**Task details**
For this exercise, restate every line below word for word and drop the images.

**Supplied material**
^^^^^^^^

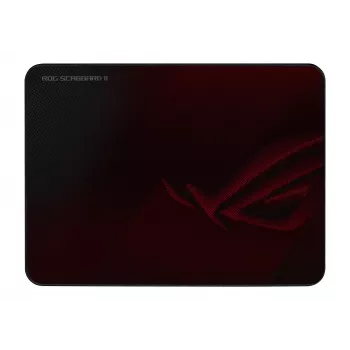 ASUS ROG Scabbard II mänguhiirematt punane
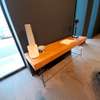 Flexform Any Day sidetable - Boven aanzicht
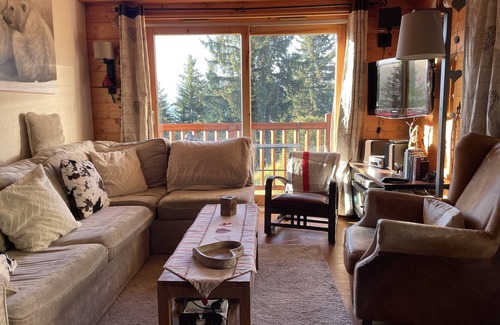 Arc-1800 Apartment | Arcs 1800: Very cozy apartment in a luxury chalet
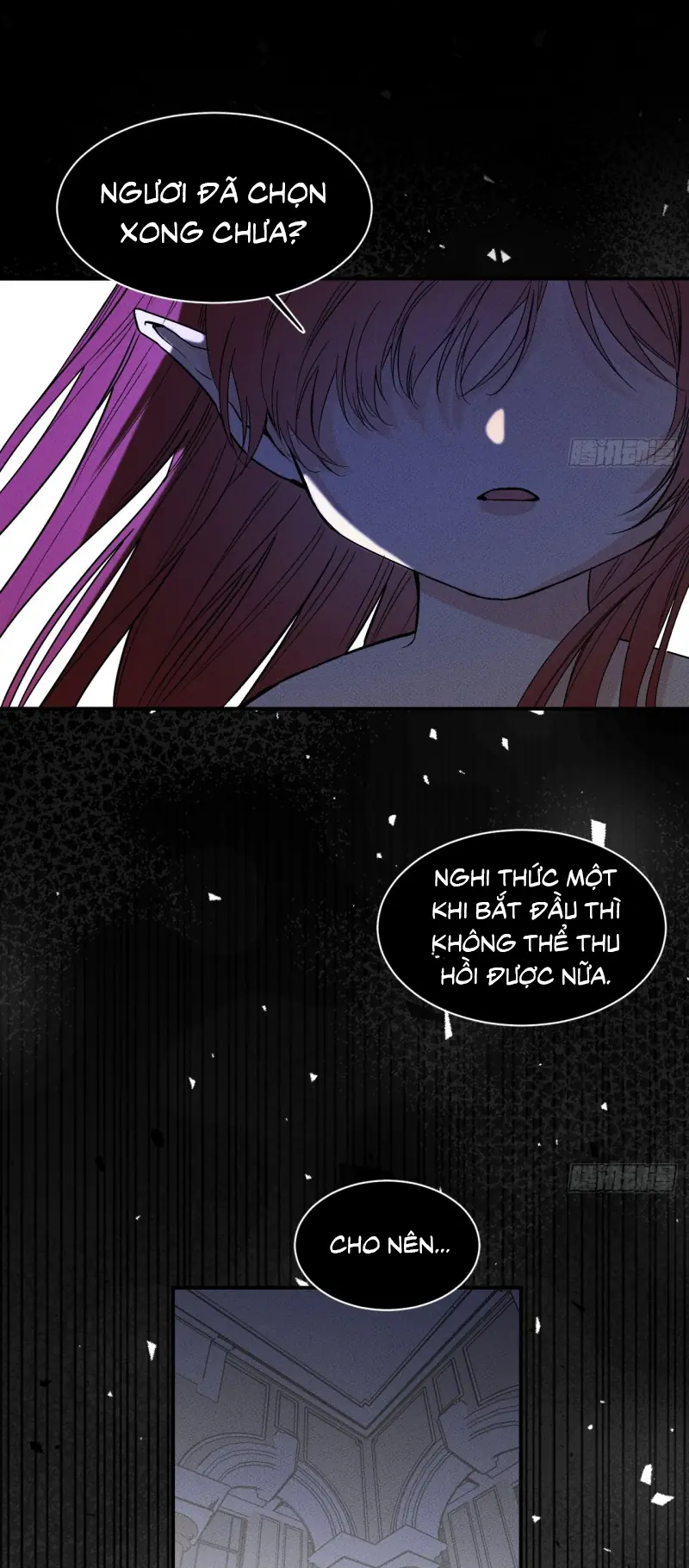 SAU KHI BỊ ÁC MA QUẤN LÊN Chapter 21 - Trang 4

^^^^^^^^

**Output**
 ASUS ROG Scabbard II mänguhiirematt punane
 Flexform Any Day sidetable - Boven aanzicht
 Arc-1800 Apartment | Arcs 1800: Very cozy apartment in a luxury chalet
 SAU KHI BỊ ÁC MA QUẤN LÊN Chapter 21 - Trang 4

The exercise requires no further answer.